How Engineered Tax Services Saved an R&D Tax Credit Client $1.5 Million In One Year!

In its 20 years of existence, Engineered Tax Services has processed thousands of R&D tax creditclaims successfully through the IRS. But in 2019, we saved a client—a California marketing company—an amazing $1.5 million in taxes. How did we do that?

Rebecca Branch, an R&D Manager with ETS, did the site visit with the client (a client of ETS EVP Kim Lochridge), and she undertook R&D tax credit studies for them for three tax years—2016, 2017, and 2018. She shed some light on how we pulled off such a spectacular coup.

Software Developer R&D Tax Credit for a mrketing company

A Marketing Company With a Unique Focus

“Our client was a marketing company that had a unique focus,” she said. “They weren't just doing marketing. They were developing software to make that marketing better. For example: let’s say you were a professional like a doctor or lawyer, and you maintained a number of social media accounts. 

The problem is, you want your contact information and logo, all your personally identifiable information, to match across all your accounts, so if you changed your phone number or email address, that fact would be reflected accurately and instantly everywhere. 
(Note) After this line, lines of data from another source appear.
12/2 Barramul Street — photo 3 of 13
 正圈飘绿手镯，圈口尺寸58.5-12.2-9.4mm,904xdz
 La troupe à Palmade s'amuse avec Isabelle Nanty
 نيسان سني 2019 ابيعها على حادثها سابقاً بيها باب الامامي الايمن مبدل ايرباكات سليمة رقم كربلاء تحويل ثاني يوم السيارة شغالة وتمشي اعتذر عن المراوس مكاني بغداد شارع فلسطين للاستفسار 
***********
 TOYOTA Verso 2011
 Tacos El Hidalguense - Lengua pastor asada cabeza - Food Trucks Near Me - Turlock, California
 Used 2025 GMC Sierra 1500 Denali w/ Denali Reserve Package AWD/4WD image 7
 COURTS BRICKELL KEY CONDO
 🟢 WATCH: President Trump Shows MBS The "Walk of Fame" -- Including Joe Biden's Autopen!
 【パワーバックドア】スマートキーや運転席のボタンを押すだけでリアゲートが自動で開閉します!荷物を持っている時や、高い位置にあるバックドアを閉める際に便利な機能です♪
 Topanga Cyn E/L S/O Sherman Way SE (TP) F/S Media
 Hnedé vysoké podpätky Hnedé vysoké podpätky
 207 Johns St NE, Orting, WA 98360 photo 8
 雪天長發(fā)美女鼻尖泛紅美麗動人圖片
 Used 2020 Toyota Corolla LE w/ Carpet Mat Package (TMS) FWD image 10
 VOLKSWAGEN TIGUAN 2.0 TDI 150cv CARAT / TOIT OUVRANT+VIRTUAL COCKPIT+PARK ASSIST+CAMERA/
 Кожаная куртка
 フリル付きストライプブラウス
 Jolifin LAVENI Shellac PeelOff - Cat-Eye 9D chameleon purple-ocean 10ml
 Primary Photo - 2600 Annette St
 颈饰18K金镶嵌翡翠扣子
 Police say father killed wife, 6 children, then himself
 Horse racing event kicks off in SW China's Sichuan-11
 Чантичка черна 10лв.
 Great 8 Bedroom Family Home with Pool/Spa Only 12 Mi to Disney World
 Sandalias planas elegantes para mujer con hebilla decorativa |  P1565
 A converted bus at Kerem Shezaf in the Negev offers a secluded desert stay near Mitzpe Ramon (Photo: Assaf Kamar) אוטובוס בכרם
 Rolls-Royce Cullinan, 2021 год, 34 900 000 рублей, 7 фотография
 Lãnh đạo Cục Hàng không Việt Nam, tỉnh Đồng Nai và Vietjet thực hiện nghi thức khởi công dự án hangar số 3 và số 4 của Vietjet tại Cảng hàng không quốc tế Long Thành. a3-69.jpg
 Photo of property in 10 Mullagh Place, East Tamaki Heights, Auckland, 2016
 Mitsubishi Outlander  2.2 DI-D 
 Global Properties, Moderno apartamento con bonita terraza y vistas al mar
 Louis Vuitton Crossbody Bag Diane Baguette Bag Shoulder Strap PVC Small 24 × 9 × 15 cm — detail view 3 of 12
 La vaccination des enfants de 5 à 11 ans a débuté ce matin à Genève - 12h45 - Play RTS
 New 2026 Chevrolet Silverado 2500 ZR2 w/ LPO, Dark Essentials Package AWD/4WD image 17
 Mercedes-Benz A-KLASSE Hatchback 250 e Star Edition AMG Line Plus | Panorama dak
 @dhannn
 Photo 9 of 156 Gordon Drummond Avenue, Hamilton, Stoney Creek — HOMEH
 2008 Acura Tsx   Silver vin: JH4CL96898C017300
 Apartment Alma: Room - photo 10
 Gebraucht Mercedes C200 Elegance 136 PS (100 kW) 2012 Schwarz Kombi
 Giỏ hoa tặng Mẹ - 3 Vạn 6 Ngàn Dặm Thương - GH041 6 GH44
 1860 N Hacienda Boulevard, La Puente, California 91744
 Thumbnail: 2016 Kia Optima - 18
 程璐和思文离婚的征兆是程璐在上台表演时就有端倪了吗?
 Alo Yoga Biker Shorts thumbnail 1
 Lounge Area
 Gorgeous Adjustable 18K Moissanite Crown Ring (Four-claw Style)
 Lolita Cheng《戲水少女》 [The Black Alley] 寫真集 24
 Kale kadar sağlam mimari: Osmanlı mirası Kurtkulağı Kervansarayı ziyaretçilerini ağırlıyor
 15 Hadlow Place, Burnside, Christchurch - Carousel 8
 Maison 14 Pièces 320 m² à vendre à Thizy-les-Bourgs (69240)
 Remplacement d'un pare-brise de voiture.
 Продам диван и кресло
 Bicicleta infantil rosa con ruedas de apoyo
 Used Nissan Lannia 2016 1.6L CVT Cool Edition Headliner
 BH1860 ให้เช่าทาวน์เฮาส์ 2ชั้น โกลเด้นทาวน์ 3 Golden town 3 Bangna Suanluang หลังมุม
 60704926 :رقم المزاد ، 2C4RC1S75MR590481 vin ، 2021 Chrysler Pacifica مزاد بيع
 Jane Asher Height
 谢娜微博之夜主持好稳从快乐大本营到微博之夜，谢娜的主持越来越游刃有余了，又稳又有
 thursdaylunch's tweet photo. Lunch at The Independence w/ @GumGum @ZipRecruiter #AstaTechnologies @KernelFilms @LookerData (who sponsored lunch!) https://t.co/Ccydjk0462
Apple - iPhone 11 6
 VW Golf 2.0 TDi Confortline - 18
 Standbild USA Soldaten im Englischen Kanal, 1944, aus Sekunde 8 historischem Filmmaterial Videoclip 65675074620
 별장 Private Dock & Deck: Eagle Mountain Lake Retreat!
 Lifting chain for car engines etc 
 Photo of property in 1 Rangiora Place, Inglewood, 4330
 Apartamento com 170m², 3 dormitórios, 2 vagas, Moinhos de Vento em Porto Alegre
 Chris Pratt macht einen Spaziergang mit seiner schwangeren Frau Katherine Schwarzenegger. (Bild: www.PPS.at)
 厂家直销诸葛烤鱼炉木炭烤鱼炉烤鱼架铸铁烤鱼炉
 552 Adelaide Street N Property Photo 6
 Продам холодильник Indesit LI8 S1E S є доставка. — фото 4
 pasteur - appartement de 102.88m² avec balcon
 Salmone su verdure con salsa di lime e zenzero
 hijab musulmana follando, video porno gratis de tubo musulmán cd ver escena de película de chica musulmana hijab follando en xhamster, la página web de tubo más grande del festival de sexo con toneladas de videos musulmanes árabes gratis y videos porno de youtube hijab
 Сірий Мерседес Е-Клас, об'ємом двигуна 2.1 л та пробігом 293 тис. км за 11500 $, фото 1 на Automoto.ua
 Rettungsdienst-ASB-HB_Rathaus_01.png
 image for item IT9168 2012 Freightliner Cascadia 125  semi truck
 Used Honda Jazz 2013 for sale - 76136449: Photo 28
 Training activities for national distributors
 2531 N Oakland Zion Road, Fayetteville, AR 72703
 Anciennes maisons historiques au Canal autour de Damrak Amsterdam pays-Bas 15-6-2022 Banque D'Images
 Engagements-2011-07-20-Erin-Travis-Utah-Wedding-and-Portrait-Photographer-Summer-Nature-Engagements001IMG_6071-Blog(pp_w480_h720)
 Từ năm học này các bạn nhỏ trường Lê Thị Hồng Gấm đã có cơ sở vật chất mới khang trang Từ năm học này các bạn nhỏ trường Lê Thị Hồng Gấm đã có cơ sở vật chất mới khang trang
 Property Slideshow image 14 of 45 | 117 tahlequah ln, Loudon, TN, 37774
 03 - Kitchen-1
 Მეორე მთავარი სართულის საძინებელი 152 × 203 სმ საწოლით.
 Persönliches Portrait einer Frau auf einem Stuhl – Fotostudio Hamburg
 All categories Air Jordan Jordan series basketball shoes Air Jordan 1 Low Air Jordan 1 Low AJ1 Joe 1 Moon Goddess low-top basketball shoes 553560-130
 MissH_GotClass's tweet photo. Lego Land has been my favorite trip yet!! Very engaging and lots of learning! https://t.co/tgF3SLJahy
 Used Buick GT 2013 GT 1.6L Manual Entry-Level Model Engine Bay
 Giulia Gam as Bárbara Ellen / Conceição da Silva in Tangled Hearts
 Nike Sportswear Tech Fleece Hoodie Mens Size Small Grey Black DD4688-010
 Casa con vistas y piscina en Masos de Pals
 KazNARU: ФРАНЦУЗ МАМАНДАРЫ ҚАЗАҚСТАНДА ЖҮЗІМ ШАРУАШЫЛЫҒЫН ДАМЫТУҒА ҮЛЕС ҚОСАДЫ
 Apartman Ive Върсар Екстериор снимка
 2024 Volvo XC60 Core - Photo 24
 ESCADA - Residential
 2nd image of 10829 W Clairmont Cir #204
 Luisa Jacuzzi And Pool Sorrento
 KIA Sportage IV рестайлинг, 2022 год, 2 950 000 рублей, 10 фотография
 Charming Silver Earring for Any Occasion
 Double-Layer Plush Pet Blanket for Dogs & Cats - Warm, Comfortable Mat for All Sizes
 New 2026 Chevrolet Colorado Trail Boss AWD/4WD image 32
“This marketing company developed an exclusive form of software that interfaced directly with multiple outside third-party systems, such as Facebook, Twitter, and Instagram. There was nothing like it on the market, and they expended a huge amount of resources to create this one-of-a-kind solution. 

It really required a lot of development, a lot of research, a lot of time on their employees’ part, and that was only one example of the type of software they were developing.”

Understanding That the R&D Tax Credit Is a Wage Credit

ETS was able to save the client such a huge tax windfall because we understand that the R&D tax credit is primarily a wage credit. The lion’s share of R&D tax credits are found in a client’s payroll records—and that’s where Rebecca dug deeply.

Not only did she dig into the employee records with all of the wage information—in 2017, she performed an onsite visit to conduct employee interviews, obtain work logs, and estimate how employees were spending their time.

“One thing that was very challenging was determining how much employee time was actually spent on development,” she said. “We had to identify who the developers were and then schedule interviews with them to learn how much of their time was devoted to developing the functional and structural portions of the software. 

One reason we did the site visits was to discern the activities that might not be qualified. I made it a point to talk in person to the right people—but they're busy professionals. They’d be at their computers clicking and working away sometimes as I was trying to talk to them, because they had deadlines to meet. 

We don't want to be obtrusive, and we don't want to be taking the employees away from their work. Trying to capture everybody's individual time was a difficult challenge.

“We ended up working with one of their team leaders to create a matrix in Excel to capture individual people's time. We devised a matrix that included the individual employee names, the jobs that they were working on, and the tasks they were focusing on, because we wanted to guarantee we only included those qualified tasks. A big part of it was, as you interview people, you realize they're doing things that maybe they don't realize qualify as R&D, so you have to capture that in your report.”

In all, she interviewed between 10 to 15 employees in the office, especially the managers of every different department to learn what everybody working under them was doing. After that, there followed a multitude of conference calls.

The R&D Tax Credit Catapulted Them in the Software Space

She added: “At ETS, our focus is small and mid-sized businesses. One of the big areas that we focus on is newer companies that are growing, and this client was just starting to get into software development. In 2017, we got them $500,000 in R&D tax credits for the 2016 tax year. In 2018, it increased to $600,000 for the 2017 tax year. Then in 2019, they moved up to a $1.5 million for the 2018 tax year. With the tax savings the ETS was able to get them, it helped them propel themselves into that software space in a way they hadn’t been able to reach before.”

That’s how ETS was able to win a client $1.5 million in tax savings in one year—through hard work, diligence, and above all else, the fact that we’re experts in the R&D tax credit arena: we know where to look for tax savings for our clients.Kim Lockridge commented: “It is my pleasure to work with this client, and we are happy to prepare and thoroughly substantiate the credits for them each year. The value this has brought to the client year over year is substantial.”